Tuesday, January 31, 2012

Multi-Threaded Principle Component Analysis




SAS used to not support multithreading in PCA, then I figured out that its server version supports this functionality, see here. Today, I found this mutlithreading capability is finally available in PC SAS v9.22.

The figure above indicates that all 4 threads in my PC are utilized. FYI, My PC uses an Intel 2core 4threads CPU. This multi-threading capability directly help any work relying on SVD due to the direct relationshipbetween SVD and PCA, see here.

Notice that in order to observe the effect of mutli-threading by comparing Real User Time and CPU Time, I/O should not be a bottleneck, that is why in the code, all outputs, either to screen or to data sets, are suppressed.

PS: It turns out that the multi-threading capability is only available when SAS is building up SSCP /USSCP matrix in PROC PRINCOMP.



options fullstimer;
data _junky;
     length id x: 8;
  array x{800};
  do id=1 to 5E3;
     do j=1 to dim(x);
     x[j]=ranuni(0);
  end;
  drop j; output;
  end;
run;

proc princomp data=_junky noprint;
      var x:;
run;

3 comments:

CHARLIE HUANG said...

Nice finding!
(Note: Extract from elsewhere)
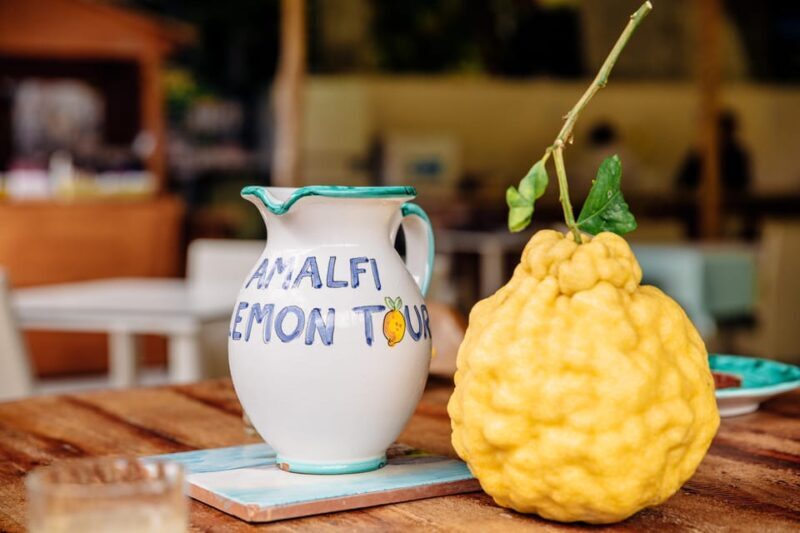 Amalfi: Vertical Lemon Farm Tour, Tastings, and Rural Museum - Important Information and Recommendations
Great article -- it seems that SAS allocated the jobs equally to 4 cores.

How about you do a benchmark, like:
options nothreads ;
proc princomp data=_junky noprint;
var x:;
run;

options threads cpucount=2;
proc princomp data=_junky noprint;
var x:;
run;

options threads cpucount=3;
proc princomp data=_junky noprint;
var x:;
run;

options threads cpucount=4;
proc princomp data=_junky noprint;
var x:;
run;

Amit said...

Hi,
I am trying to find any implementation of Statistical Data depth in SAS. Do you have any SAS code to compute it (I dont have IML).

The seminal paper for this is "MULTIVARIATE ANALYSIS BY DATA DEPTH: DESCRIPTIVE STATISTICS, GRAPHICS AND INFERENCE by BY REGINA Y. LIU, JESSE M. PARELIUS AND KESAR SINGH , The Annals of Statistics 1999, Vol. 27, No. 3, 783-858"

Liang Xie said...

Amit:
I am not aware of anyone implementing that algorithm, but when I have time, I can have a try, super busy recently.
Liang